Pada saat yang sama, S&P juga memperkirakan perekonomian Israel akan menyusut menjadi 5% pada kuartal-IV 2023, dibandingkan kuartal sebelumnya, di tengah gangguan keamanan dan berkurangnya aktivitas bisnis di negara itu. “Penyusunan sejumlah besar reservasi, penghentian pariwisata asing dan guncangan kepercayaan yang lebih luas juga akan merugikan pertumbuhan ekonomi dalam tiga bulan terakhir tahun ini, sebelum rebound pada tahun 2024,” tulis lembaga rating tersebut, dalam laporannya, dikutip Selasa (7/11).
Jika konflik berlangsung lebih panjang dan meluas, Faisal menilai, kerugian ekonomi tidak hanya akan menghantui Israel dan Palestina saja, namun juga dunia. Meskipun saat ini, dampaknya pada dunia, termasuk Indonesia belum bisa diukur secara jelas.
Sementara bagi Amerika Serikat, yang mendukung Israel dari segi materi, konflik ini tidak akan terlalu berpengaruh pada negara adidaya itu. Selain jarak geografis yang jauh, negeri Paman Sam juga memiliki dasar ekonomi yang cukup kuat.
Untuk diketahui, belum lama ini Parlemen AS telah menyetujui anggaran bantuan untuk Israel, senilai US$14,3 miliar atau Rp228 triliun. Paket bantuan untuk Israel ini termasuk US$10,6 miliar berupa dukungan pertahanan udara dan rudal hingga dana untuk perusahaan pertahanan dan pemasok.
“Sekali lagi, kalau konflik meluas dan berjalan lebih lama, dampaknya akan beda lagi,” tutup dia.
Efektivitas boikot
Selain untuk biaya invasi, Israel juga diperkirakan akan mengalami kebangkrutan karena kampanye BDS (Boycott, Divestment and Sanction) Movement yang semakin menyebar ke seluruh belahan dunia. Aksi ini kian marak menyusul tindakan genosida yang dilakukan Israel di sepanjang jalur Gaza. Meski belum diketahui berapa kerugian yang akan ditanggung Israel melalui gerakan boikot, divestasi dan sanksi kali ini, namun sebelumnya pada 2018, Al Jazeera melaporkan bahwa gerakan ini berpotensi menghasilkan kerugian hingga US$11,5 miliar atau sekitar Rp183,37 triliun per tahun.
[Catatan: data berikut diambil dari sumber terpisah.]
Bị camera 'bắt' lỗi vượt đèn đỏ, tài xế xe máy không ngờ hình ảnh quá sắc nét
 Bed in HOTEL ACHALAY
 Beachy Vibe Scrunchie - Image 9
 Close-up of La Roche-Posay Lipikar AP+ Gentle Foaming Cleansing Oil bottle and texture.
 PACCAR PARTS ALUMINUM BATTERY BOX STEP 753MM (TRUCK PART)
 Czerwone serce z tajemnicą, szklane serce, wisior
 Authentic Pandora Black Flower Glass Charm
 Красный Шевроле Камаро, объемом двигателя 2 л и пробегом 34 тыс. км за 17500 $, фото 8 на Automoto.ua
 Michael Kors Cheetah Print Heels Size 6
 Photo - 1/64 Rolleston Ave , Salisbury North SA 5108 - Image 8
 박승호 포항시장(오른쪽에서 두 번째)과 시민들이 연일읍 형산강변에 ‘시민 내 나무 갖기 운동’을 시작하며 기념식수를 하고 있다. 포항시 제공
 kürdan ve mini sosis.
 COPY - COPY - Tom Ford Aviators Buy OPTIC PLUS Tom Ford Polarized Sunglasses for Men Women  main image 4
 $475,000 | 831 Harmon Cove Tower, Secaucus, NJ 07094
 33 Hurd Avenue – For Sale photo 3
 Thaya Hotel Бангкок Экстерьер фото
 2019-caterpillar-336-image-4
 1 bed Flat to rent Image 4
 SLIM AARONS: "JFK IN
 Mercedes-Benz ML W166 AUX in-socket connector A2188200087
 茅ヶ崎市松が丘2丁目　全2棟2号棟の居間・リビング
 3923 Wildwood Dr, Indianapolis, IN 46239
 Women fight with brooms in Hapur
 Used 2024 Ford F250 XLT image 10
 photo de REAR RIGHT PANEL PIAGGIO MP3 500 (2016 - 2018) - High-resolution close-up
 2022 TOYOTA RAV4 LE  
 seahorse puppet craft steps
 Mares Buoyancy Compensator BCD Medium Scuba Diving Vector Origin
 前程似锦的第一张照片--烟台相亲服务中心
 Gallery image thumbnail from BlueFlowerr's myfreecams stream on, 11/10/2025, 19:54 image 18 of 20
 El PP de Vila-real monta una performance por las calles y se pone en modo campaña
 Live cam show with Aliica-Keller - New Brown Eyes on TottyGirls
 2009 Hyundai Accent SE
Sementara di tahun 2021, dalam kurun waktu 11 hari konflik militer Israel dan Hamas membuat sektor bisnis Israel harus menanggung kerugian sekitar US$368 juta atau Rp5,8 triliun. Kerugian ini belum memperhitungkan pula divestasi yang terjadi di Israel dan sanksi yang harus ditanggung negara tersebut.
Kepada Alinea.id, Inisiator Gerakan BDS Indonesia M. Syauqi Faiz mengungkapkan, gerakan BDS pada dasarnya telah diinisiasi sejak 2005 silam. Tujuannnya tak lain untuk menghentikan pelanggaran-pelanggaran hukum internasional yang telah dilakukan pemerintah Israel terhadap masyarakat Palestina.
“Kalau kita lihat banyak (pelanggaran hukum internasional) yang dilakukan Israel, tapi yang paling darurat adalah apartheid dan genosida yang terjadi sejak Oktober ini,” katanya.
Seruan boikot pun tidak hanya ditujukan untuk produk-produk asli Israel saja, melainkan juga kepada produk dari perusahaan-perusahaan, kelompok, atau bahkan individu yang mendukung Israel. Sebab jika dilihat ekspor Israel, terutama ke Indonesia tidak memiliki nilai jumbo. Selain itu, kebanyakan ekspor Israel, sekitar 40%, merupakan produk intermediet atau tersembunyi yang digunakan dalam proses produksi barang di tempat lain, misalnya semikonduktor.
Dengan boikot kepada produk-produk yang terafiliasi dengan Israel, lanjut Sauqi, diharapkan dapat memberikan tekanan pada pendapatan perusahaan-perusahaan tersebut. Sebab, selama ini banyak perusahaan yang memberikan bantuannya kepada Israel untuk melakukan serangan di Palestina.
“Dengan boikot ini kan harapannya akan menurunkan konsumsi terhadap barang perusahaan-perusahaan yang mendukung Israel. Kita sudah lihat belakangan saham beberapa perusahaan pro Israel turun. Dengan ini diharapkan juga pendanaan ke Israel juga ikut turun,” ujarnya, saat dihubungi Alinea.id, Rabu (8/11).